White dwarfs have turned out to be more interesting than I had imagined. We know how they form: A star like the Sun exhausts the hydrogen in its core and swells into a red giant, a scenario that is a trope in science fiction, as it posits an Earth of the far-future incinerated by its star. Losing its outer layers near the end of nuclear burning, a red giant ultimately leaves behind an object with much of the mass of the Sun now crammed into a white dwarf that is about the size of the Earth. For years I assumed white dwarfs were dead ends, a terminus for life whose only function seemed to be in binary systems, where they could be the locus, through accretion from the other star, of a stellar explosion in the form of a nova.

Lately we’ve been learning, though, that through analysis of their atmospheres, white dwarfs can yield information about objects that have fallen into them, such as remnants of the original stellar system. Some white dwarfs may have habitable zones lasting several billion years, an interesting thought if surviving planets in the system migrate inward. And now, thanks to Hubble data, we are learning that white dwarfs may have a longer lifetime than previously thought. Continuing to burn hydrogen, some of these stars may be older than they look.
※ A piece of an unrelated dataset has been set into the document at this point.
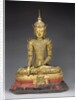 Seated crowned and bejeweled Buddha by Anonymous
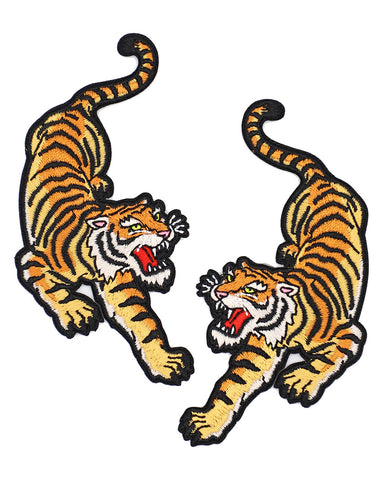 Twin Tigers Patch Set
The work was coordinated by Francesco Ferraro (Alma Mater Studiorum Università di Bologna / Italian National Institute for Astrophysics), who points to the useful role of white dwarfs in determining the ages of stars. The white dwarf cooling rate has been used as a natural clock as a way of calibrating the age of star clusters, as their cooling seemed easy to model by following the relationship between age and temperature. But the new study finds that white dwarf aging is nowhere near as simple as this, so an accepted method of measuring cluster ages may have to be re-examined.

To investigate white dwarf aging, the scientists looked at the globular clusters M3 in the constellation Canes Venatici and M13 in Hercules, in which stars in aggregate show common values of metallicity and age. As always in astronomy, the word ‘metals’ refers to elements higher than hydrogen and helium, with the bulk of a star like the Sun being made up of the latter two, while a scant 1.3 percent is given over to metals.

Ferraro’s team compared cooling white dwarfs in the two clusters and found that among the stars that will eventually become white dwarfs, the color of stars in the Horizontal Branch is bluer in M13 than in M3. The Horizontal Branch is a stage in the evolution of a star in which it has begun helium burning in the core, a stage that is flagged by a reduction in luminosity and increases in surface temperature. So the enhanced blue color in M13 is indicative of hotter stars on their way toward white dwarf status.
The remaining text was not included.